The tall girl pads gently to the shadowy portal, and crosses her arms, shivering a little, although it doesn't seem to be that cold.  "Well, David?  I'm not gonna go in there by _myself_, y'know..."


----------



## Jdvn1 (Apr 13, 2005)

David looks a bit startled and starts to say something then stops.  "Um.  Right, hold on.  I'll take us right in front."  He thinks for a bit.

_Lesser Divination of Portals to know where it goes.  Then a Lesser Creation of Portals to make a temporary portal go in front of the place._


----------



## sophist (Apr 13, 2005)

Angela is quite innocent, especially when working her garden. Otherwise she is a normal 7-year-old. She has lied maybe a dozen times in her life, but you think it was only when she thought it had to be. She also causes mischief as hid of her age are wont to do, but you think it's not to cause anybody harm.

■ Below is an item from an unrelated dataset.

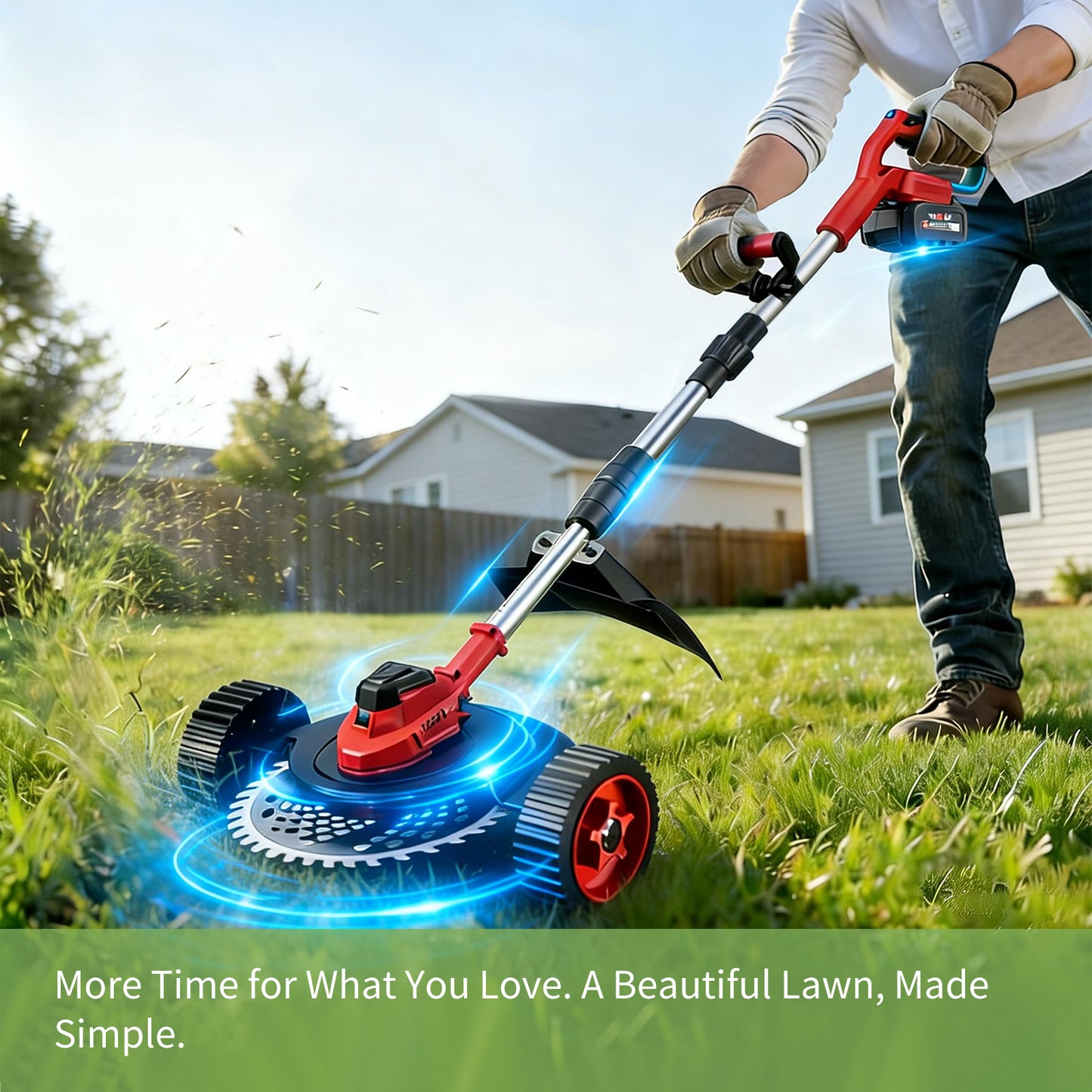 QUIETLEMON 9 inch 21V Cordless Electric Weed Eater, Battery Powered Weed Wacker & Lightweight Grass Trimmer with 4.0Ah Battery for Trimming and Edging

'kay, all are in or before an expensive penthouse appartment. Depending on if  MIchael changed the portals goal, either all of you are on the large balcony overlooking central park, or Shadows, Innocence and Keys are in the bedroom and Chivalry is on the balcony looking in.

Whatever the case maybe, none of the sleepers has noticed your presence yet.


----------



## Jdvn1 (Apr 13, 2005)

After his portal is complete, David's face calms and he smiles at Alyra.  "After you?" and he follows her in.

_Could you describe the place?  I assume we know where the ex-boss's room is?_


----------



## Wandering soul (Apr 13, 2005)

I'd listened to Chivalries comment about going straight in, so we'd all be outside, on the balcony


----------



## Amy Kou'ai (Apr 14, 2005)

_Mind giving us a bit more exposition to set the scene?_


----------



## sophist (Apr 14, 2005)

_I am not exactly sure what exposition means in this case, but I'll go for description._

(prosaic world)
The "balcony" runs around the penthouse, which is set atop a not to high building facing a park. I am not really sure if balcony is the right word since the space on which you're standing is created by the fact that the penthouse is smaller than the floors below. The neigboring builings connect to this one. Looking from the park, the one to your right is one floor higher, and to the left the free roof space was converted into a wild garden, even with small trees. Your own balcony - to keep using that word for convenience - is entirely plastered, only few flower boxes are attached to the rail around it. There is some plastic furniture standing around and a bricked grill.

It is indeed the middle of the night. Reading your watch and converting it to NY time it is about 2:30 a.m. But this is the city that never sleeps, so you hear some traffic from the street, and a faint howling fromn the park sounding like a madman on Angel Dust.
The sky is cloudy and the stars are drowned out by the city lights.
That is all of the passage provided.